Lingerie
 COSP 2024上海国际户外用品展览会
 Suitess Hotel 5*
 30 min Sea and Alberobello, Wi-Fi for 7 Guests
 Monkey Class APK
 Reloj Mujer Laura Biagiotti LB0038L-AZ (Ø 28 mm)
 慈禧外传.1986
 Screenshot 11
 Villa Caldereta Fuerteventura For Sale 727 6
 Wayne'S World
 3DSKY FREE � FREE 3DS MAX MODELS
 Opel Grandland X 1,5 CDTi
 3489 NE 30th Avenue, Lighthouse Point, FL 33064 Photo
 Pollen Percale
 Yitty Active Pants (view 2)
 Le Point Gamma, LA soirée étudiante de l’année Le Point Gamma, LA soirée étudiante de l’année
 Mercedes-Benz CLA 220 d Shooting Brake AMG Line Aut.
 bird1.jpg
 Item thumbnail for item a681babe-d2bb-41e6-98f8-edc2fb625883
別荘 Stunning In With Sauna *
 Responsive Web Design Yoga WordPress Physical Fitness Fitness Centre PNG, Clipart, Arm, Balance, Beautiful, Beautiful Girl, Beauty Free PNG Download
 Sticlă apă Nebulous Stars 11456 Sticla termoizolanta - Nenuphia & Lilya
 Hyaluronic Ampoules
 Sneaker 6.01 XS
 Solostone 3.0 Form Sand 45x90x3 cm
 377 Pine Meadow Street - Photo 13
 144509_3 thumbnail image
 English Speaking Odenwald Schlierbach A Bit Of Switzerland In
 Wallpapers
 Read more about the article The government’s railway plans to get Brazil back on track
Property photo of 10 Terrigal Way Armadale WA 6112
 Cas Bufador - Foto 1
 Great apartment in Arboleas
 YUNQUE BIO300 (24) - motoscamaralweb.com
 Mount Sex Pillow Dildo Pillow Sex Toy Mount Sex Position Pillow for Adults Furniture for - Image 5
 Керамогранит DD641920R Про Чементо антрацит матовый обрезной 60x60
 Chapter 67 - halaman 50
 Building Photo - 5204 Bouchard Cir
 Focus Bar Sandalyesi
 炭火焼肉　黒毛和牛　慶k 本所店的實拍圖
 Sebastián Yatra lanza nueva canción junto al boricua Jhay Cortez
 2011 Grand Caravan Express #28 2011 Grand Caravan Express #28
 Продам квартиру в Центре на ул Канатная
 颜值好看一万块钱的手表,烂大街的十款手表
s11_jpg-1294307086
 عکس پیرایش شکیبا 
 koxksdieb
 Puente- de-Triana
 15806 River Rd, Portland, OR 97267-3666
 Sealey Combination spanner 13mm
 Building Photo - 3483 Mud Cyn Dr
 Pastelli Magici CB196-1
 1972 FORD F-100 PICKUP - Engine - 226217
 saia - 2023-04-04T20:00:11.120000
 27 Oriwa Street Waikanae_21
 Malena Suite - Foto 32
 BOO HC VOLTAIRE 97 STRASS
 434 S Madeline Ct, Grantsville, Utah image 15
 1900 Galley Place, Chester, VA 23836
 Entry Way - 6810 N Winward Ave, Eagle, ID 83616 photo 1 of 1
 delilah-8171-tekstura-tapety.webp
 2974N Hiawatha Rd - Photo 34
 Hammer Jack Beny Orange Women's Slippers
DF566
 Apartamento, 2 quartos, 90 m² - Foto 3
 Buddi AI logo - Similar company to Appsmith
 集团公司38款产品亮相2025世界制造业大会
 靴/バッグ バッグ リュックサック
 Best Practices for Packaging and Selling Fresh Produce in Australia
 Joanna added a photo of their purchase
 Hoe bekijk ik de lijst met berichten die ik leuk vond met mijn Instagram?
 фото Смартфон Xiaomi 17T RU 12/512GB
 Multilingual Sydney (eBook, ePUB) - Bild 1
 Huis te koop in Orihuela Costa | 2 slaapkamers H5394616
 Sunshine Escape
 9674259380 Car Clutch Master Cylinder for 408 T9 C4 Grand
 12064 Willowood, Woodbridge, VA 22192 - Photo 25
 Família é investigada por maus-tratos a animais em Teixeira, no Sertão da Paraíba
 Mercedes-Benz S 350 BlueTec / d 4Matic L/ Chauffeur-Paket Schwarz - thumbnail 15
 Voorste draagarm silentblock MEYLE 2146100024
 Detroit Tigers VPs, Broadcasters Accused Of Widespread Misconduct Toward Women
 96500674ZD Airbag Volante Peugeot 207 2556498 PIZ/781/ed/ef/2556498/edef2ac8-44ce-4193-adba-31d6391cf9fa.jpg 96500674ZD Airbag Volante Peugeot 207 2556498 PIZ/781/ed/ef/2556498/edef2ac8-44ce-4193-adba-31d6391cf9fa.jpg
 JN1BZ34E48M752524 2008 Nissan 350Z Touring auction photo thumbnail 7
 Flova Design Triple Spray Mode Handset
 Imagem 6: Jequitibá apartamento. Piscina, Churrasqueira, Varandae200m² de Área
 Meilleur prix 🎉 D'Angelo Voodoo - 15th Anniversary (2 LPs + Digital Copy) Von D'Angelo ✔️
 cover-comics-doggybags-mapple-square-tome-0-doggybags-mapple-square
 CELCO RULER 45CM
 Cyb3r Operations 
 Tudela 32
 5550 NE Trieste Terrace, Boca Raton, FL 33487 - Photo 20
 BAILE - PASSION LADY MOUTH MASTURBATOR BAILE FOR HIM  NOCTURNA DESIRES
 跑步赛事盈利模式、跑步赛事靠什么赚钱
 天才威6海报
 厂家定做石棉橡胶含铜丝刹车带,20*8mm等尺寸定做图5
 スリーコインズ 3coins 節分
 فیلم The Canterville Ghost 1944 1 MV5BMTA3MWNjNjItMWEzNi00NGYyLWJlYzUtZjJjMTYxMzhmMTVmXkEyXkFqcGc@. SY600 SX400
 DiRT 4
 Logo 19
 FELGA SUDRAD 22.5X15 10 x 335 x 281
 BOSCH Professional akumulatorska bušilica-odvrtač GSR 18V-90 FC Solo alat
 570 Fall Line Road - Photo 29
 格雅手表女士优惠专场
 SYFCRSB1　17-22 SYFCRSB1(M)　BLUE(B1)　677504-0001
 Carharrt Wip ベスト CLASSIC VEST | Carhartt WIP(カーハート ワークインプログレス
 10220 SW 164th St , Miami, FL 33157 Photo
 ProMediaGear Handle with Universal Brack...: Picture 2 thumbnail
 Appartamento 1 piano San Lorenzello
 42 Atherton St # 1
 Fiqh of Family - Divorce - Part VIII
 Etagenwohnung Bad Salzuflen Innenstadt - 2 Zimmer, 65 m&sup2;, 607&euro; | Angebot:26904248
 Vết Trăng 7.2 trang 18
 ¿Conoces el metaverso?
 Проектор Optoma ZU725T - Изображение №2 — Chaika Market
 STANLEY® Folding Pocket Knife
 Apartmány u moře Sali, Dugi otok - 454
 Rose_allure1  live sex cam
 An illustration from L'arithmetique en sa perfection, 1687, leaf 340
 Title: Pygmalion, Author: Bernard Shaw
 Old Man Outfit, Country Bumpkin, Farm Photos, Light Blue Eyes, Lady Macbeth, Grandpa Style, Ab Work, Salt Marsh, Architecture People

::::

* Task brief
In the entries above, find the line holding "Yitty Active Pants (view 2)" and the line holding "Great apartment in Arboleas"; print both of them and every line between, exactly, and nothing else.

* Task answer
 Yitty Active Pants (view 2)
 Le Point Gamma, LA soirée étudiante de l’année Le Point Gamma, LA soirée étudiante de l’année
 Mercedes-Benz CLA 220 d Shooting Brake AMG Line Aut.
 bird1.jpg
 Item thumbnail for item a681babe-d2bb-41e6-98f8-edc2fb625883
別荘 Stunning In With Sauna *
 Responsive Web Design Yoga WordPress Physical Fitness Fitness Centre PNG, Clipart, Arm, Balance, Beautiful, Beautiful Girl, Beauty Free PNG Download
 Sticlă apă Nebulous Stars 11456 Sticla termoizolanta - Nenuphia & Lilya
 Hyaluronic Ampoules
 Sneaker 6.01 XS
 Solostone 3.0 Form Sand 45x90x3 cm
 377 Pine Meadow Street - Photo 13
 144509_3 thumbnail image
 English Speaking Odenwald Schlierbach A Bit Of Switzerland In
 Wallpapers
 Read more about the article The government’s railway plans to get Brazil back on track
Property photo of 10 Terrigal Way Armadale WA 6112
 Cas Bufador - Foto 1
 Great apartment in Arboleas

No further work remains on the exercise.